02 November 2007

Office 2007 files (.docx, .xlsx, .pptx) on Mac

(updated to reflect the release of StarOffice 9 for Mac and the OOXML conversion software for Office 2004)

Microsoft Office 2007 for Windows (and its Mac counterpart: Microsoft Office 2008) uses a new file format that has been available for a while now as .docx, .xlsx or .pptx ("x" to distinguish them from the standard MS formats).

The file format is commonly known as OOXML or OpenXML, or more simply as Microsoft Office 2007 format.

Even if the new files don't seem to be very widely used, they sometimes end up on a Mac user's desktop, especially since they are the default file format of the two suites (i.e., you need to go through a number of loops to save to a different format)...

What to do when you encounter such files ?
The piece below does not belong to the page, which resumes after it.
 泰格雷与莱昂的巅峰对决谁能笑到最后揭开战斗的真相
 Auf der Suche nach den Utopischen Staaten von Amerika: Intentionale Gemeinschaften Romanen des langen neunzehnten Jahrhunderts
Since I do not own Office 2008 and I did not have the OOXML update for Office 2004 at the time of the writing, I had to test access with OOXML files created with NeoOffice, from "real" Microsoft .doc, .ppt and .xls. All of the test files were pretty complex and quite heavy and had all been created originally on various versions of Microsoft for Windows.

Access through proprietary applications



The iWorks '08 way



iWorks: $79 from Apple

As far as I can tell, iWorks '08 applications Pages and Keynotes opened the .docx and .pptx files I had created without any problems.

And the result was as good looking as the original files. Very impressive.

When I tried to open the .xlsx file, Numbers was considered as the default application (even the converter was not listed) but it was unable to open it correctly. I'll need to have a "genuine" .xlsx file to test Numbers' capacities.

The problem with iWorks it that it cannot save a file to the new format. It can save it to the iWords default format or to the old Microsoft format, along with a few other more classical formats.


The Microsoft way


Microsoft Office 2008: $399.95 retail, $284.99 online, $239.95 retail upgrade version, $194.99 online upgrade version from Microsoft.
(The prices given correspond to the cheapest available version for professionals, the "Home & Student" package is not available for commercial activity.)

The Mac equivalent of Office 2007, Office 2008, has been available for a few months already. Office 2008 is the quickest way to access the new file format in a relatively smooth and painless way.

If you don't want to acquire Office 2008, you can download Microsoft's "Open XML File Format Converter for Mac". The application is available from here. It is at the bottom of the page, if the URL has not changed...

The converter requires OSX 10.4.8 or later. Microsoft also says that to view the files, you need either Microsoft Office 2004 11.3.4 or later, or Microsoft Office v.X 10.1.9 or later.

If you also install "Microsoft Office 2004 for Mac 11.5.0 Update" (description available here: http://support.microsoft.com/kb/953824) you'll also enable "Office 2004 for Mac to read and to write Office documents that are in Open XML Format".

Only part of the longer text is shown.